*ASSIGNMENT*: Repeat exactly the lines of the records below, starting at the line containing "Lewis 10'x8' Single" and ending at the line containing "12 Pack Heavy". Leave the pictures out.

*INPUT DATA*:
+++

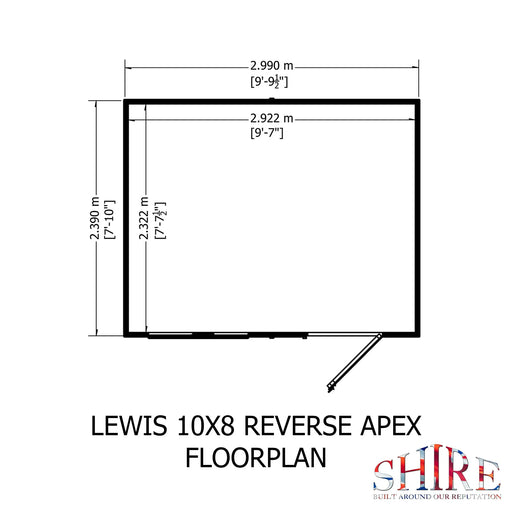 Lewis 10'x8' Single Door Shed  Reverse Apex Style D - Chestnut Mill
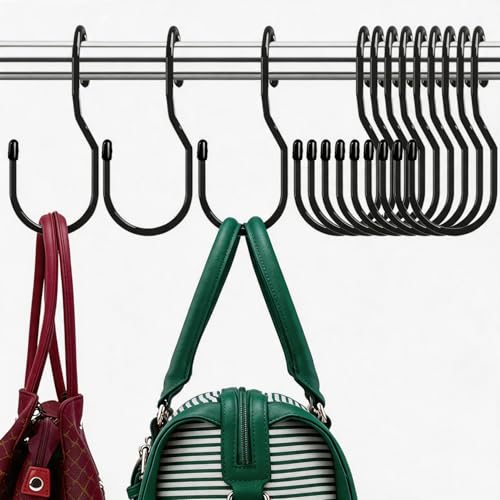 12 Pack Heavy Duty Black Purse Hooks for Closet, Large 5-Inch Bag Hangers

+++

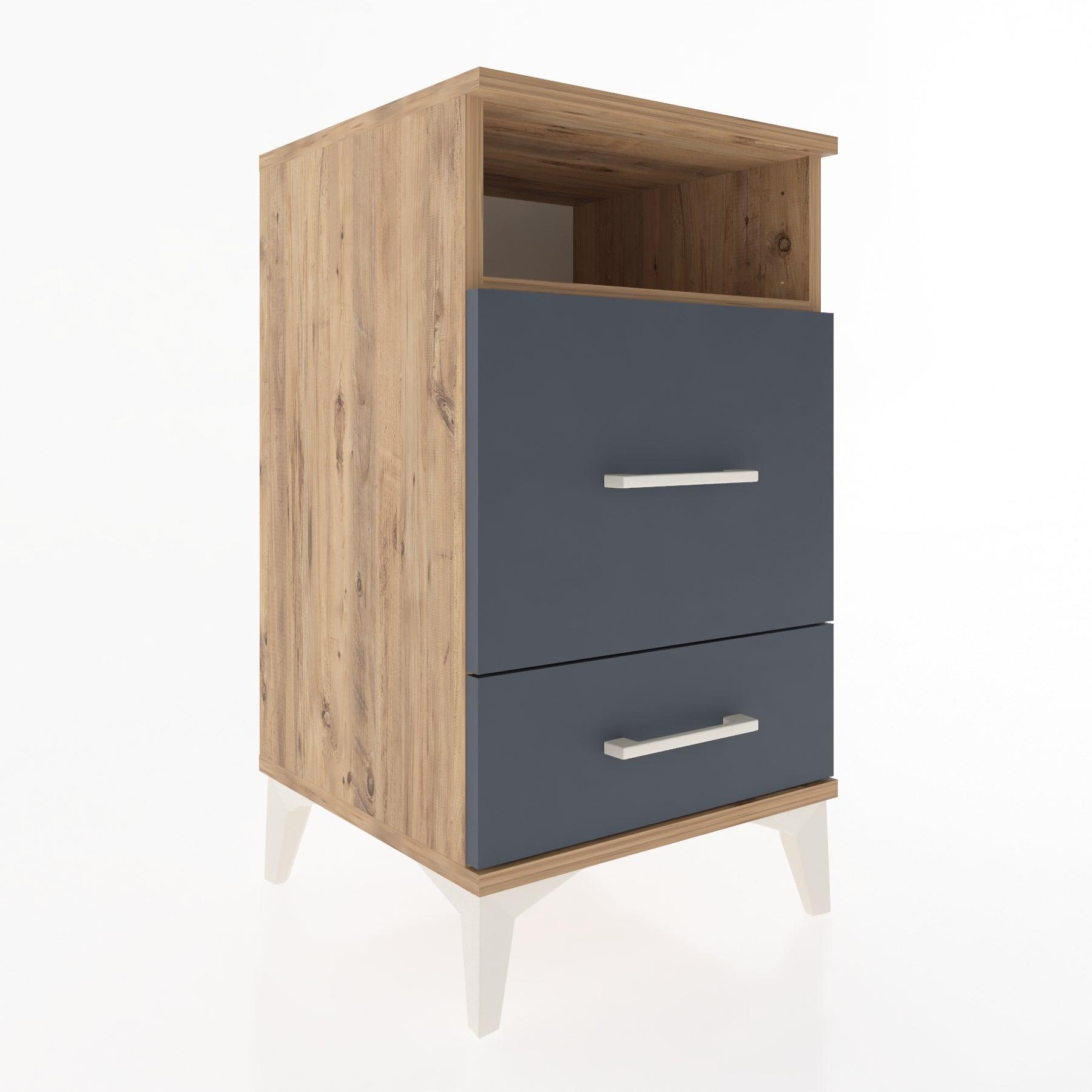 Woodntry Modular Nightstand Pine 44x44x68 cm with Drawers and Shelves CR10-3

+++

*ANSWER SPACE*:
 Lewis 10'x8' Single Door Shed  Reverse Apex Style D - Chestnut Mill
 12 Pack Heavy Duty Black Purse Hooks for Closet, Large 5-Inch Bag Hangers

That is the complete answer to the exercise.